An important part of every tabletop RPG session is creating the right mood and atmosphere. No matter the style of game, no matter what game, the atmosphere can make or break it. There are many ways of setting the mood, using everything from music, pictures, spoken word, play location, to tactile objects to represent characters (minis) or even three-dimensional environments for the miniatures.

The easiest way to set the mood and create atmosphere is to use miniatures for the players and enemies and to use what most people call “terrain.” Miniatures can be anything from little Lego people with customize outfits and items to carefully molded pewter statues with carefully molded armor and weaponry, all of which is painstakingly painted to match the player’s idea of the character. A lot of the time, the most common type of miniatures is any object that is small enough or a “close enough” plastic miniature of the kind that is readily available at any gaming shop. Terrain follows similar rules. It can be painstakingly created and highly detailed or super simple. The most common form, used for almost every grid-based RPG I’ve ever played, is a wet-erase or dry-erase mat marked out with a grid of squares, one inch long on each side. Both of things, terrain and miniatures, can create a great deal of atmosphere very easily. Even the least immersive players can get absorbed into the game with the right terrain and miniatures. The downside is that doing this stuff that well takes a huge amount of time or money. Stand-ins and a playmat is the most cost-effective way of doing it, but it doesn’t do much more than let the players see the shape of the world and where their character stands in relation to their allies and enemies.

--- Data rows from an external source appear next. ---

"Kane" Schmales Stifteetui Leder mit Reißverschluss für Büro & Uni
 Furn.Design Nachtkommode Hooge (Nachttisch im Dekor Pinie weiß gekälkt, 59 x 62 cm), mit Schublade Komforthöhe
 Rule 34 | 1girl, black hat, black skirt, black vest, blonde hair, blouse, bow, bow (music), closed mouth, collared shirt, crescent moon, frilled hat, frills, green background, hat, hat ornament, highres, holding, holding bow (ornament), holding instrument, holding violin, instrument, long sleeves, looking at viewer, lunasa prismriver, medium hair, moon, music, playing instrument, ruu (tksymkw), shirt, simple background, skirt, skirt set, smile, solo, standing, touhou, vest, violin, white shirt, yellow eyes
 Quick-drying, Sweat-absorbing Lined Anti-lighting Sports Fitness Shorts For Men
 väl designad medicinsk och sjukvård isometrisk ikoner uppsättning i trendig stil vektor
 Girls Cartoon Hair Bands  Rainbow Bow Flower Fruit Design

If you had players who are willing to make more of an investment in each session, music can work amazingly. Music can directly appeal to people’s emotions, so you can help make your players feel the tension of harsh negotiations or the relief of finally reaching their destination by carefully selecting your playlist. Video game music makes an excellent background to battles and there are numerous YouTube videos full of nothing but the sounds of a city to make your players feel like they’re really in a bustling metropolis. Other sound effects, if you’re feeling really ambitious, can add an entire additional layer. The sound of horses, the blast of fireballs, the din of battle, even the moans of the dying or damned. It takes a lot of work to have everything up and in a form you can use without breaking the moment you’re trying to enhance, but it is still a lot easier than creating exact miniatures and terrain for your sessions.

Another great way to help set the right atmosphere for your players is to use pictures. There are a lot of resources available online, so you can find a picture of almost anything if you aren’t feeling up to creating custom images. Pictures of dark dungeons, great manors, the various enemies they’ll fight, and even weapons they find. If you’ve got artists amongst your players, you can encourage them to create pictures of their own characters (and maybe their allies as well) that they can keep up-to-date instead of a miniature. While not terribly immersive unless you’ve got a picture for everything that the players can always look at (which is a lot easier to do for online sessions or if you’ve got a big TV near where you play), it can really help the players fix the world in their minds more completely. Plus, you never know what good can come from encouraging the creation and usage of art. In one of my first big campaigns, a player was constantly drawing during each session and his humorous pictures and the renderings of some of the scenes he wanted to preserve added a lot of fun to the games for the other players.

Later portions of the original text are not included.